I stare at the weapon. Moonlight glances off the slide. My reflection looks back at me—pale, hollow-eyed, not the girl I remember. I lift trembling fingers, hesitating.
“I tried to leave once,” I whisper.
Memories of the drug houses, of cold forest air, of Miles’s blackeyes flash through my skull.
“It nearly killed me.”
“This is different.” His voice is calm now—too calm.
“If you choose to point that at me, I won’t stop you. And if you choose to turn it on yourself, I beg you—let me go first.”
“Why would I—” My throat locks around the words. “Lucien, I don’t want to die.”
“Good.” A fragile smile. “Then use it on me.”
He pushes the gun closer— “One in the chamber, safety here. Simple.”
My vision blurs. “Don’t do this.”
“I need you free,” he says—like it’s a fact, not a plea. “Free to hate me, free to leave, free to end me if I become what they are.”

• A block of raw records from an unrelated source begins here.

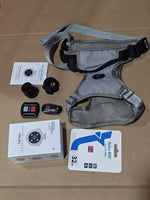 Load image into Gallery viewer, Grey pet recorder collar with GPS, camera accessories, remote control, and 32GB memory card on brown surface
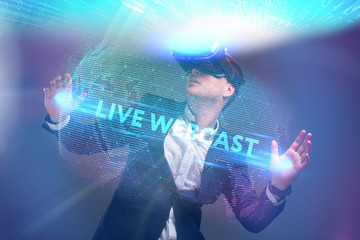 Business, Technology, Internet and network concept. Young businessman working in virtual reality glasses sees the inscription: Live webcast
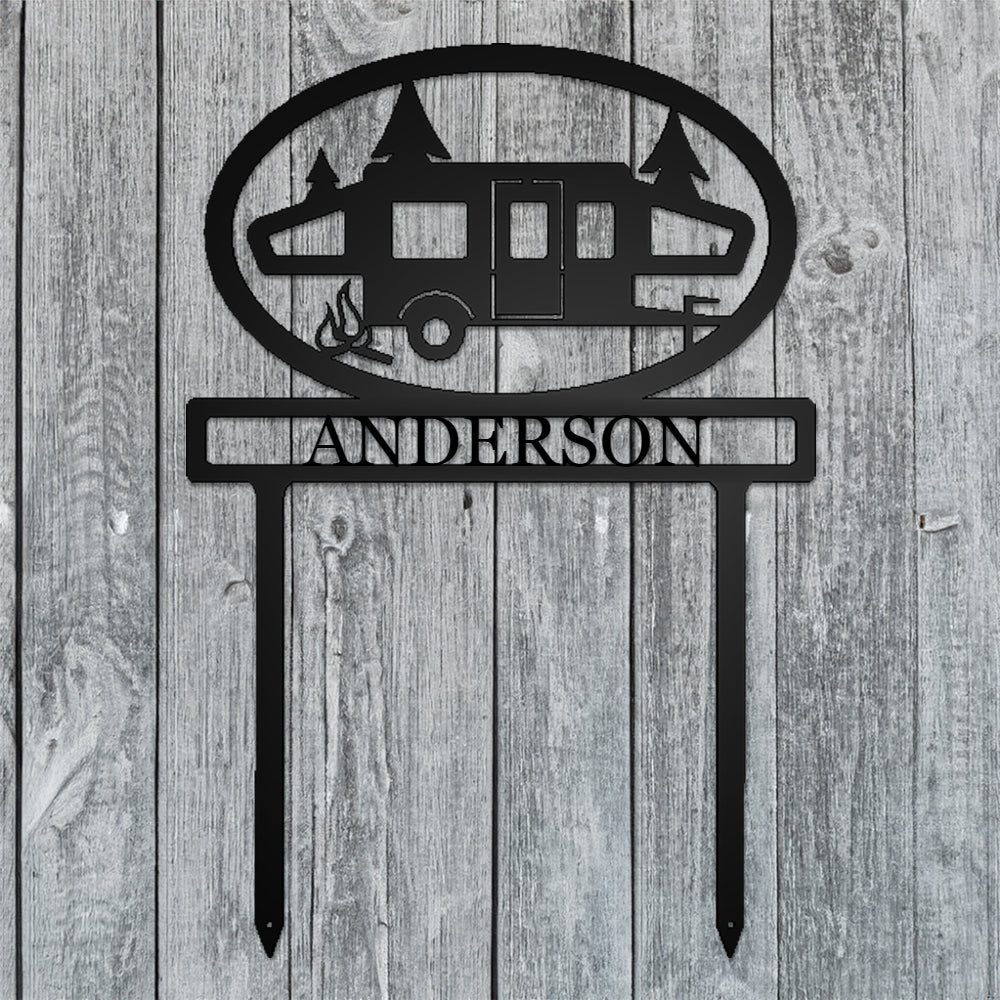 Pop-up Camper with Personalized Name Metal Sign with "ANDERSON" personalization on a gray wood background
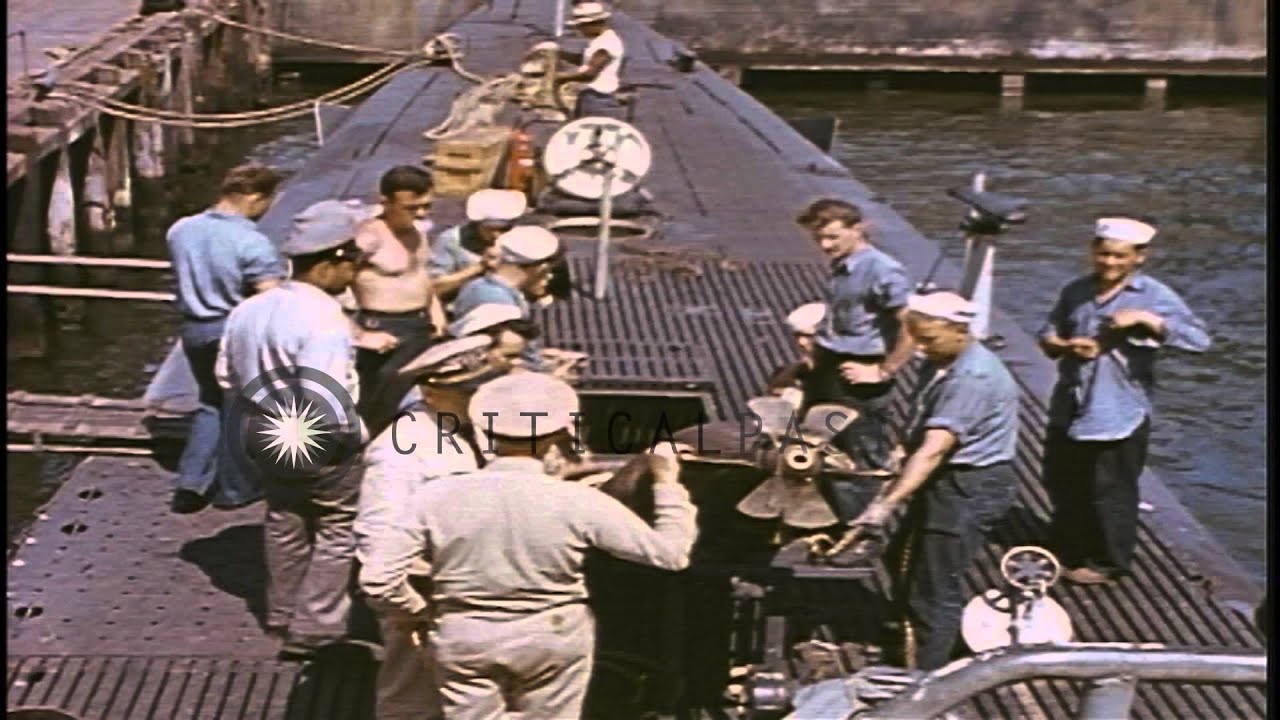 The torpedo being loaded and signalman clears search light on a ...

Tears prick at my eyes. The gun feels heavier than metal as I pick it up. I turn it in my hands, palms slippery with sweat.

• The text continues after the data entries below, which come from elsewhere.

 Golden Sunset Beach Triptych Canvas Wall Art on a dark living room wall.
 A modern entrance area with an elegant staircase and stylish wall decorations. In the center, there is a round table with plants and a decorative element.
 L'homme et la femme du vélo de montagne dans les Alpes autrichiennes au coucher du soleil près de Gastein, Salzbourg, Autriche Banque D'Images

“You already are what they are,” I say, voice breaking, “but you’re also the only one who ever handed me a weapon.”
He flinches. That soft ache behind the brutality.
“Because I trust you more than I trust myself.”
I thumb the safety, not disengaging it—just feeling the mechanism. Cold steel. Real. Final.
Our eyes lock—mine wet, his wild. The guilt is a storm cloud behind his pupils. I wonder if he’s begging for forgiveness or begging for an executioner.
I lay the gun on my lap, barrel pointing away, hands folded over it.
“I’m not ready to choose,” I whisper.
“You don’t have to.” His shoulders drop, like the weight of all his sins finally punishes his spine. “Keep it. Sleep with it under your pillow if it helps.”
“Will it help you?” I ask.
He opens his mouth, closes it. Finally nods once. “Yes.”
A bitter laugh slips from me. “Then I’ll keep it.”
I slide the magazine into the gun with a soft click, but don’t chamber the first round. Safety on. I set it on the nightstand, inches from my pillow.
Lucien watches. A single tear escapes down his cheek—he wipes it away like it never existed.
Then he climbs into bed, clothes still on, and collapses onto his side facing the wall. His back is to me. It’s not rejection; it’s self-imposed exile.
I lie beside him, eyes on the ceiling, hand inches from the gun.
Silence swells between us—violent, necessary, unspoken.
In my peripheral vision, his shoulders shake once. A silent sob swallowed by pride. I reach out, fingertips hovering above his arm, unsure if touch is comfort or cruelty tonight.